So I went back to see what I'd originally posted to this thread. Interesting how things have remained somewhat constant as I'm now at 8 with 2 customs on order.


----------



## Jason183 (Jul 3, 2022)

DitmasPork said:


> Just curious on your definition of ‘collector’—it’s a term used a lot. Honest question. Do you base it on number of knives; objective; price point. I identify myself as a collector, owning more that a couple of knives beyond my kitchen requirements; knife price point doesn’t matter.


I would say base it on number of same brand unused unicorn knives, liked the Hattori KD - Full Set for example in the B/S/T.


----------



## NotAddictedYet (Jul 3, 2022)

esoo said:


> So I went back to see what I'd originally posted to this thread. Interesting how things have remained somewhat constant as I'm now at 8 with 2 customs on order.


To be honest to me it's amazing people are able to stay consistent and keep their collection to close to single digit or low double digit of knives over time.
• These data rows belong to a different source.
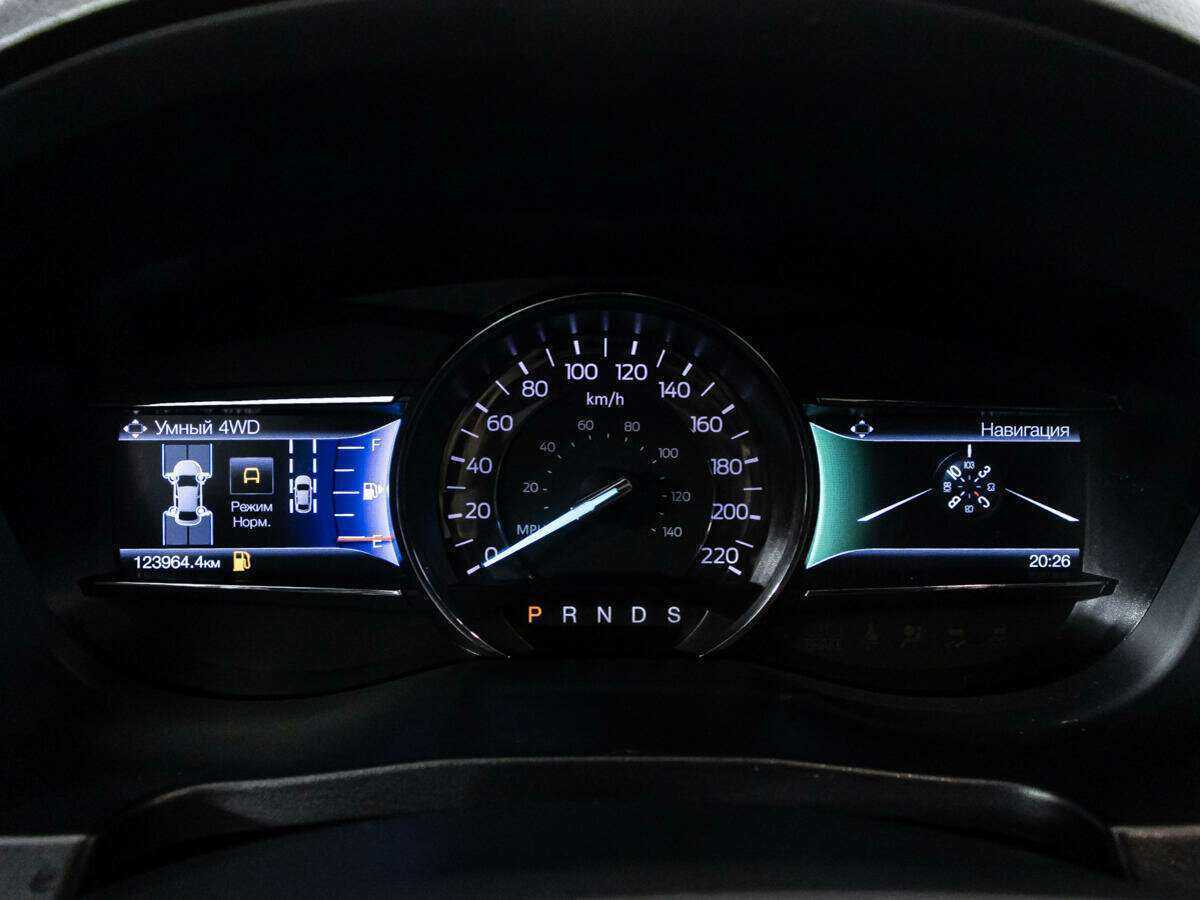 Ford Explorer с пробегом — 2019 год. Фото: #11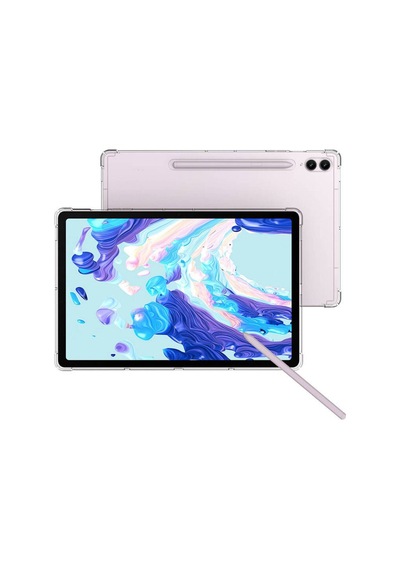 Galaxy Tab S8 Ultra Kılıf Zore Tablet Nitro Anti Shock Silikon Kapak Arka Kapak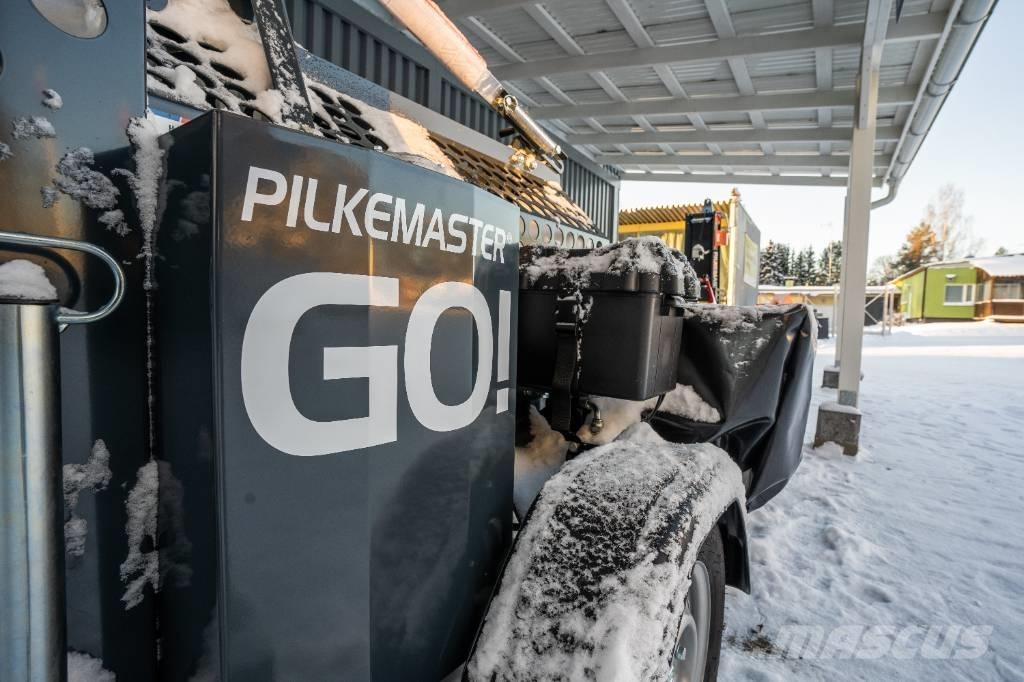 Pilkemaster GO! Łuparki, pilarki i wiórkarki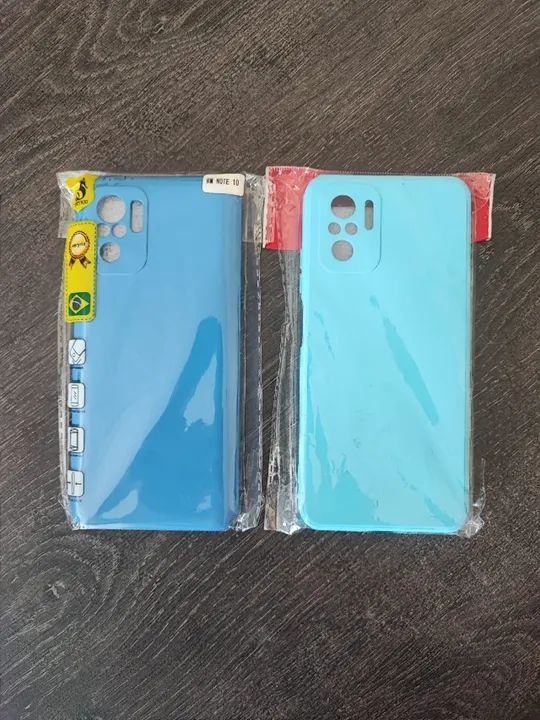 Capinhas Redmi Mi Note 10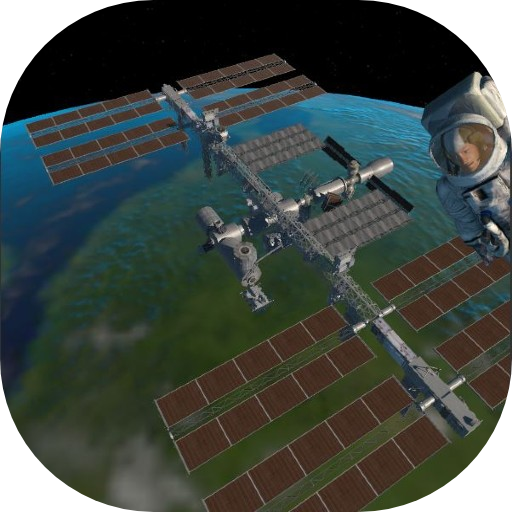 International Space Station ISS Sim icon
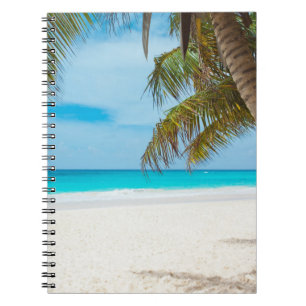 Caderno Espiral Praia do Paraíso Tropical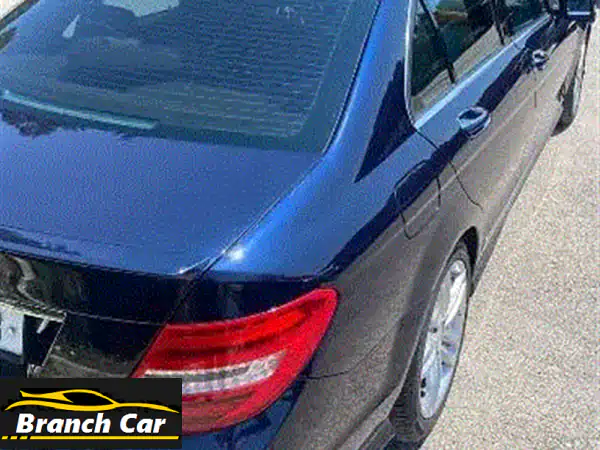 MercedesBenz CClass 2012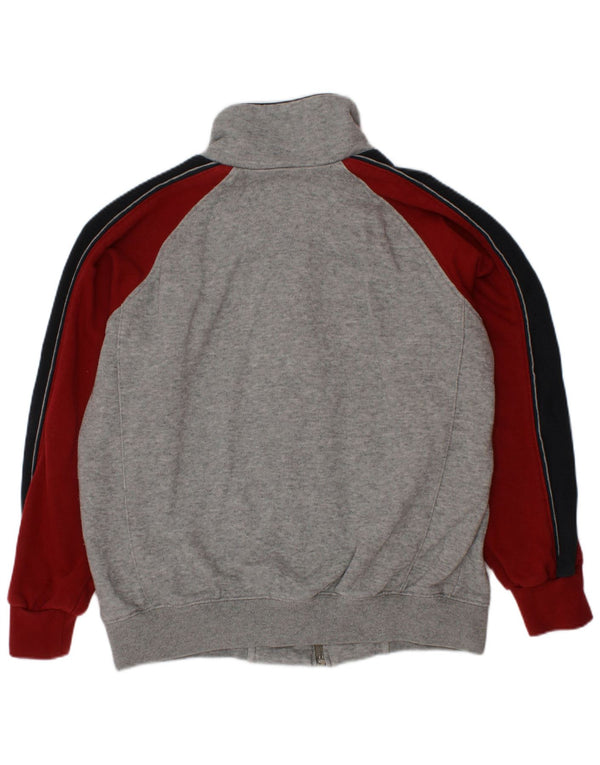 CHAMPION Drenge Grafisk træningsdragt Topjakke 5-6 år XS Grå Colourblock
I've only been in the hobby about 2 years and already close to 20 knives in my collection and vast majority are 240mm gyutos...

Edit: Maybe it's time to thin the herd but I have a terrible time deciding which ones needs to go. I really do love all of them.


----------



## capt4inslow (Jul 3, 2022)

not counting the multipack paring knives, bread knife, and the two vintage sabatiers i haven't figured out what to do with, looks like my running total is 24. 

some of them are "duplicates" and live in a travel roll for when we go on trips where cooking is expected. 

or that's what i tell myself to justify duplicate styles and sizes anyway.


----------



## esoo (Jul 3, 2022)

NotAddictedYet said:


> To be honest to me it's amazing people are able to stay consistent and keep their collection to close to single digit or low double digit of knives over time. I've only been in the hobby about 2 years and already close to 20 knives in my collection and vast majority are 240mm gyutos...
> 
> Edit: Maybe it's time to thin the herd but I have a terrible time deciding which ones needs to go. I really do love all of them.



I have a pretty strict in/out policy. Knives are only bought with an expectation that something has to go (either the new knife beats the one on my rack and stays or it gets sold)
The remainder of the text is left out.